Does that sound complicated? It is. Does it work? You bet.
Del Rio knows from experience. He hired Luke Richardson as strength coach in Jacksonville, and brought him to Denver after being named Broncos defensive coordinator. Richardson stayed in Denver this offseason when Del Rio was named Raiders head coach, but he recommended Gomes follow him to Oakland.
Richardson and Gomes share training philosophies popularized by EXOS (formerly Athlete’s Performance), a training hub that prepares athletes for major competition. The center remains a popular destination for players preparing for the NFL Scouting Combine.

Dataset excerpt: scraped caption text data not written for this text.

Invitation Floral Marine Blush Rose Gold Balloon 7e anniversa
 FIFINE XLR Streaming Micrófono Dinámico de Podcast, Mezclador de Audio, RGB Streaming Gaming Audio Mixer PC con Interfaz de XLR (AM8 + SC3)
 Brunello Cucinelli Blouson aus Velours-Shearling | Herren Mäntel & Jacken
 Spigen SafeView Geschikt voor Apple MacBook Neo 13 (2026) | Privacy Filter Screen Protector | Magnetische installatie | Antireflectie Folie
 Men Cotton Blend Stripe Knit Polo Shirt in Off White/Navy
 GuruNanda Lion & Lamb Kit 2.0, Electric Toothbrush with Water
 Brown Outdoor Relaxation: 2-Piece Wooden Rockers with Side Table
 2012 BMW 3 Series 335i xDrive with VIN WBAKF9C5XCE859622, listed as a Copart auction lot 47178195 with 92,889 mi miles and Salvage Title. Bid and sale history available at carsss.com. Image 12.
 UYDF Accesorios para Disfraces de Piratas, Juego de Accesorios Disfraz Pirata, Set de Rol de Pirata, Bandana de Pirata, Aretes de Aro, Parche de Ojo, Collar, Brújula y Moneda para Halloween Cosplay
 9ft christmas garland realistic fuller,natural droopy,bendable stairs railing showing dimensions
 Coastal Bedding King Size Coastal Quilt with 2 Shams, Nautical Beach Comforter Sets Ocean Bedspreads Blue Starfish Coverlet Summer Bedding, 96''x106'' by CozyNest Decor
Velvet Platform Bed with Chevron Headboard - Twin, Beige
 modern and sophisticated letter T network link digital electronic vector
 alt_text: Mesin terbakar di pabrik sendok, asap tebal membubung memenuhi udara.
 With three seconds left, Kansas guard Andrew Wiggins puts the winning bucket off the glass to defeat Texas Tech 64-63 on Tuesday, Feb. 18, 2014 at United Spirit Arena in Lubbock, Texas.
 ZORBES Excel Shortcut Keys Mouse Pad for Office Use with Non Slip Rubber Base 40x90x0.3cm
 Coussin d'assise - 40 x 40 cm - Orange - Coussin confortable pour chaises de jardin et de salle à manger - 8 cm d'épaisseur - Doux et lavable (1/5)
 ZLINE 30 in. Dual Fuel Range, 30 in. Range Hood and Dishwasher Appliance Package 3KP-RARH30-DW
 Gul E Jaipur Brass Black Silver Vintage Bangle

“They’re cutting edge in terms of innovation,” Del Rio said. “They’re cutting edge in terms of understanding of some of the things that we need to do to give our football team a chance to be at its healthiest, at its most fit, at its peak, at its ability to be at a peak come Sundays and sort of the timing of bringing it all together is such where we can maximize what our players have.”
Gomes and his three man staff are set on doing that.
How, exactly? Gomes won’t provide trade secrets. He’s keeping most details to himself, though a few basics are clear. Gomes’ staff will have a major say in team nutrition – which could mean less Kinder’s BBQ -- including when and what players eat. Sleep patterns will be closely monitored. So will player reaction to training sessions. And, with so many body types required to complete a football team, this 24-hour approach will be tailored to the individual.
“It has to be an individual approach to get the most from the athlete,” Gomes said. “We have a good understanding of the demands of the game. You evaluate the individual and build that map to reach their true potential.
“We’re building the racecar for the race, and we’re looking for players to excel at their position on the field.”
Fans who ultimately want a better racecar care about performance on the field, less about the process of getting there. Gomes is extremely confident that positive results will come from his system, that injury prevention and rehab improved by creating “an optimal healing environment,” and that players will operate at peak levels on game day.
“We look at this as a performance system,” Gomes said. “From the evaluation to the training to the nutrition to the monitoring, we want to make sure we do everything we can to support a player’s on-field performance. There isn’t a leaf we won’t look under to help these guys.”